The shift from bricks and mortar banking to direct lending occurring online is a global phenomena. One country that has seen few entrants is Brazil, the largest economy in South America and the 2nd largest economy in the western hemisphere. But like other parts of the world things are changing fast. BankFacil, launched in 2012, has just raised $3 million in a Series A led by Frontier Investments Group and Redpoint eventures. The platform has raised a total of $4.4 million to date. BankFacil is not a peer to peer lender, it is a marketplace lender that works with banks to fix the broken loan making process.
According to a report in WSJ, São Paolo based BankFacil sees a “massive” opportunity. Secured lending for consumers is largely untapped by banks as the process is laborious and intimidating. Sergio Furio, CEO and co-founder of BankFacil says viable borrowers hold aggregate debt of $52.5 billion via credit cards and personal loans paying a crushing 178.8%. His platform can offer interest rates between 20% to 30% – still hefty but a dramatic drop from what is available elsewhere.

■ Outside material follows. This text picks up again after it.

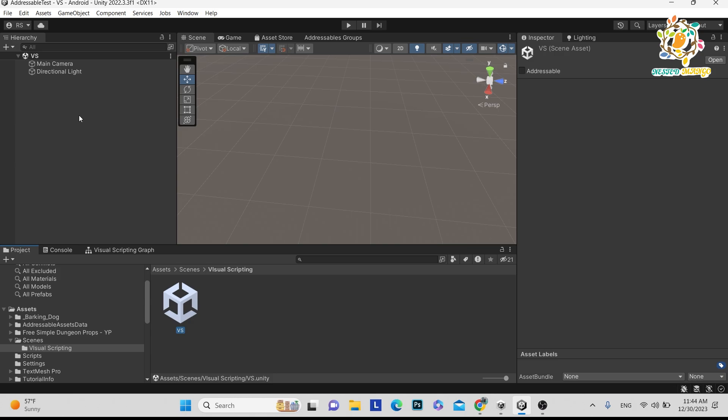We don't need to install it separately because from Unity 2021 they have already included it in Unity — we just have to operate it, we don't need to install it from the asset store.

Anderson Thees of Redpoint eventures explained the opportunity;
“Some banks have that (secured loan) offering on file but aren’t pursuing it aggressively or making it easy for the consumer. The perceived level of risk in Brazil today is much higher than it actually is, because banks aren’t using collateral.”
Furio, a former Boston Consulting Group consultant, was “inspired” to launch the platform when he heard about the convoluted loan making process that exists in Brazil today. He also saw opportunity in providing secured lending thus lowering risk and delivering a lower interest rate for borrowers. Furio states consumers pay 8 to 9X in interest than what they should really be paying.
“We will do efficiently what banks do inefficiently or they don’t do at all,” declares Furio.
As for competition there is little. Lendico set up operations earlier this year but otherwise it is BankFacil versus traditional banks. At least for now.